Background: Idiopathic pulmonary fibrosis (IPF) is a progressive diffuse parenchymal disease with a poor prognosis. A variety of cytokines and chemokines are involved in its pathophysiology. The aim of this study was to evaluate the clinical features in IPF patients with the expression of suppressor of cytokine signaling 1 (SOCS-1), which acts as a negative regulator of cytokine signaling.
Methods: IPF patients (n = 20) and healthy controls (n = 16) were included in this study. The expression of SOCS-1 was analyzed in peripheral blood mononuclear cells (PBMC) of subjects using RT-PCR. Interleukin 4 (IL-4), transforming growth factor β1 (TGF-β1) and type I collagen expression were also analyzed in each individual using enzyme-linked immunosorbent assay (ELISA). The clinical characteristics of IPF patients were delineated. These results were analyzed by SPSS13.0 statistics software.

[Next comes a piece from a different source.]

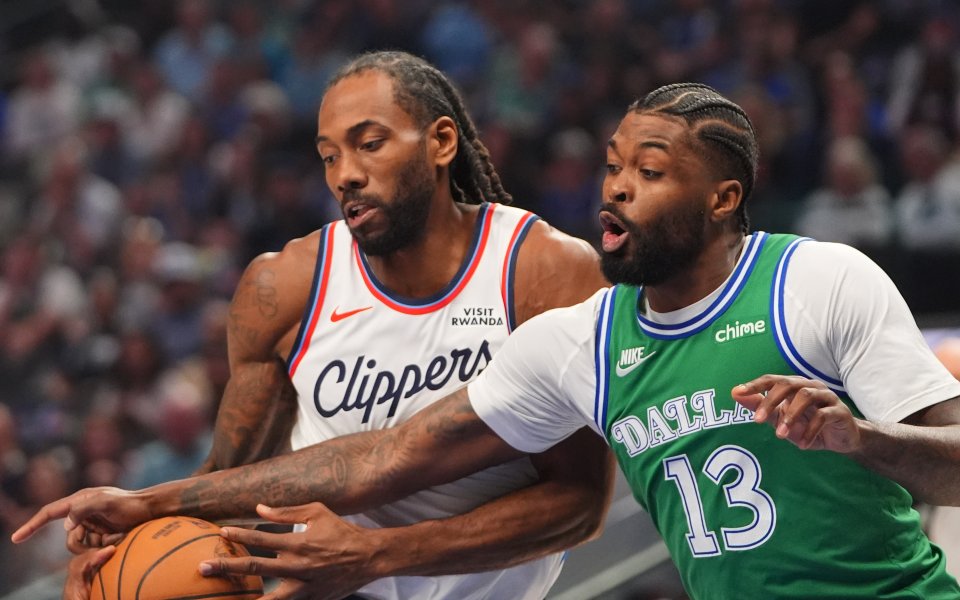 Далас Маверикс - Лос Анджелис Клипърс 131:138 точки (след продължение) / НБА, редовен сезон, 22.03.2026 г.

Results: SOCS-1 mRNA expression was significantly decreased in the PBMC of IPF patients compared with healthy controls; serum levels of IL-4 and TGF-β1 were higher in IPF patients. The patients with lower expression of SOCS-1 developed lower percentage of forced vital capacity (FVC%) and DLCO/VA. A patients' SOCS-1 mRNA level was negatively correlated with serum levels of IL-4, and negatively correlated with their high-resolution computed tomography (HRCT) scores.
Conclusions: SOCS-1 mRNA can be detected in PBMC, and it is down-regulated in IPF patients. The expression of SOCS-1 is associated with the severity of IPF patients' symptoms, so it might be the predictor of disease severity. SOCS-1 might play an important role in IPF by reducing the expression of the T helper type 2 (Th2) cell-related cytokine IL-4.